▶ **ACTIVITY**
The response should repeat word for word every line below from the one with "Putri Duyung Guest House" to the one with "Stampa artistica da", inclusive, and nothing else; leave pictures out.

▶ **DATA EXTRACT**
##########

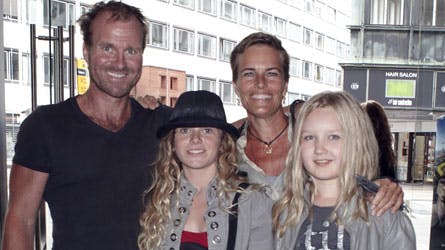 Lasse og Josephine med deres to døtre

##########

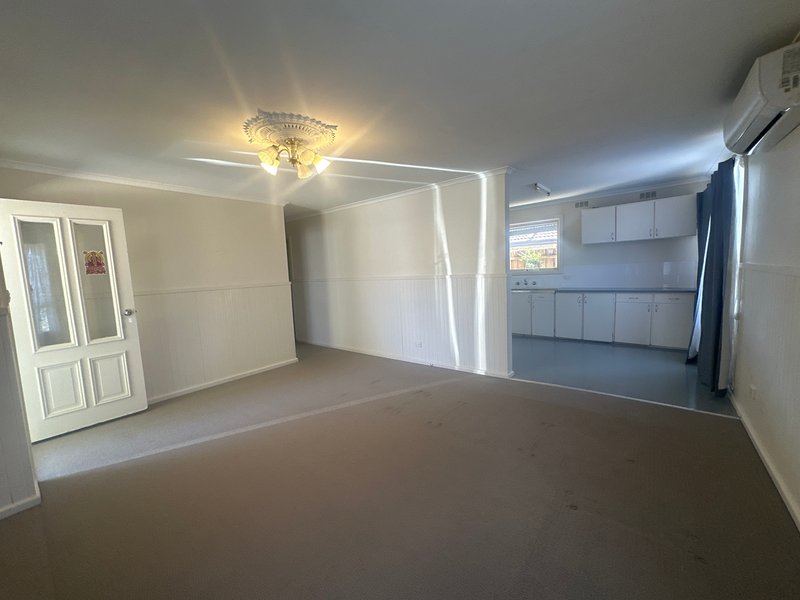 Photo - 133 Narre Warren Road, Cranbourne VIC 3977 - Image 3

##########

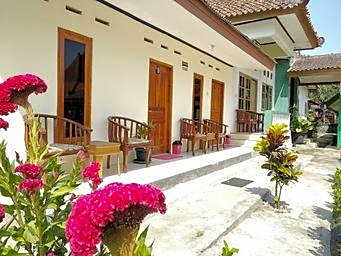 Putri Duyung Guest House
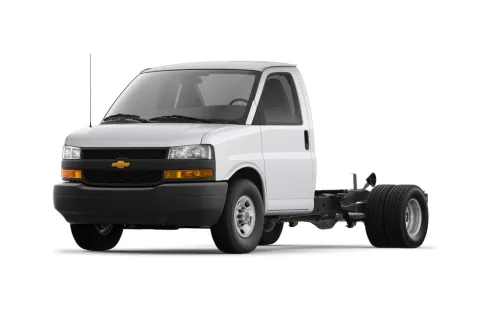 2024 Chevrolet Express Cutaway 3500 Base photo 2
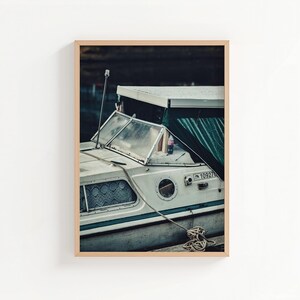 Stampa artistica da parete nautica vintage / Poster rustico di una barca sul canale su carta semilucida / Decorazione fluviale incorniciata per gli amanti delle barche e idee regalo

##########

▶ **REPLY TO THE EXERCISE**
 Putri Duyung Guest House
 2024 Chevrolet Express Cutaway 3500 Base photo 2
 Stampa artistica da parete nautica vintage / Poster rustico di una barca sul canale su carta semilucida / Decorazione fluviale incorniciata per gli amanti delle barche e idee regalo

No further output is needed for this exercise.